Agli orticoltori urbani va riconosciuto invece il merito di portare la natura dentro la città, la conoscenza della phytoremediation consente loro di difendersi anche dall’inquinamento, adottare siepi alte, metodologie di coltivazioni biologiche che permettono alla quantità infinita di microrganismi simbionti di ripulire sistematicamente il terreno. Inoltre, la coltivazione in zone urbane se da una parte è esposta agli inquinanti cittadini, dall’altra è priva dei veleni che appestano le campagne: l’agricoltura industriale infatti equivale al traffico urbano.

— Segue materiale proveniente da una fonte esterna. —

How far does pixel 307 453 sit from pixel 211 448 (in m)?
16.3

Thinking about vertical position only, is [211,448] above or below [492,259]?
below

COLTIVARE BIOLOGICAMENTE SI DEVE e dappertutto. Le verdure che troviamo al supermercato non sono di certo più pulite e per biologiche che possano essere, quando lo sono, non sono a km zero e comportano trasporto ed imballaggio. Impariamo a conoscere la phytoremediation, impariamo a fitodecontaminare i nostri suoli. Coltivare nelle città significa anche costituire oasi per la fauna, per le api, che nelle campagne dove l’agricoltura è meccanizzata, non hanno rifugio e l’avifauna è massacrata dalla caccia. Coltivare le città significa negli orti sociali e condivisi ricostruire aggregazione sociale, significa riscoprire i valori della solidarietà e della fiducia. Chi coltiva un orto in città non si faccia spaventare, chi coltiva un orto in città coltiva ecologia e libertà.